» **Instructions to follow**
Copy the lines running from the one that contains "Building under construction, steel" to the end of the entries below, exactly and with no pictures.

Segment Start: Information shown

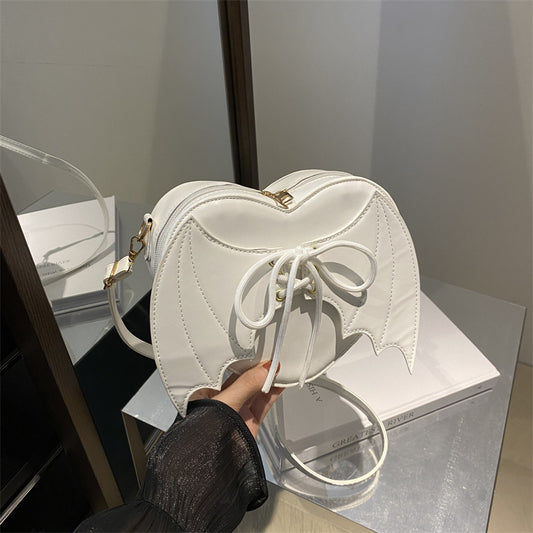 White heart-shaped bag held by a person with a blurred background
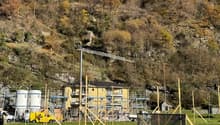 Building under construction, steel scaffolding, solar panels, yellow building, tanks, road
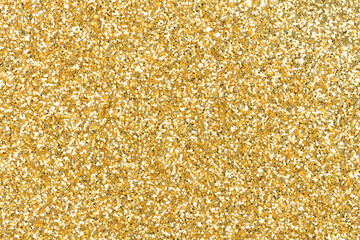 Luxury glitter in contrast gold color as part of your expensive design. Holiday abstract glitter background, pattern with blinking lights. Fabric sequins in bright colors. Fashion glitter, sequins.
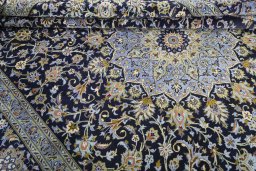 Close-up detail of 2000s Kashan rug from Iran / Persia showing Cork weave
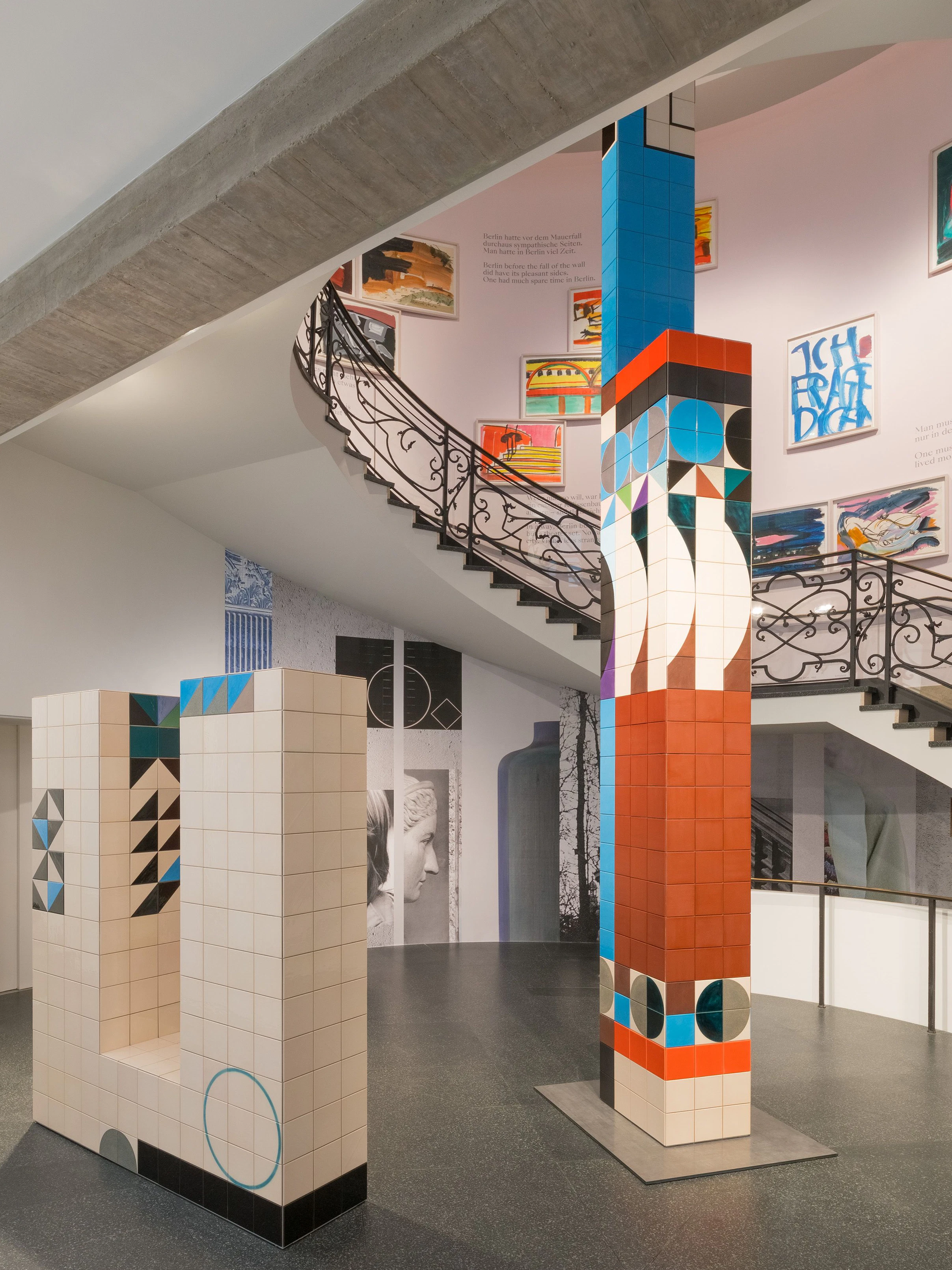 Blick ins Foyer mit Treppenhaus: Claudia Wiesers Rauminstallation „In the Round“ aus gefliesten Säulen mit abstrakten Mustern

Segment End: Information shown

» **Answer box**
 Building under construction, steel scaffolding, solar panels, yellow building, tanks, road
 Luxury glitter in contrast gold color as part of your expensive design. Holiday abstract glitter background, pattern with blinking lights. Fabric sequins in bright colors. Fashion glitter, sequins.
 Close-up detail of 2000s Kashan rug from Iran / Persia showing Cork weave
 Blick ins Foyer mit Treppenhaus: Claudia Wiesers Rauminstallation „In the Round“ aus gefliesten Säulen mit abstrakten Mustern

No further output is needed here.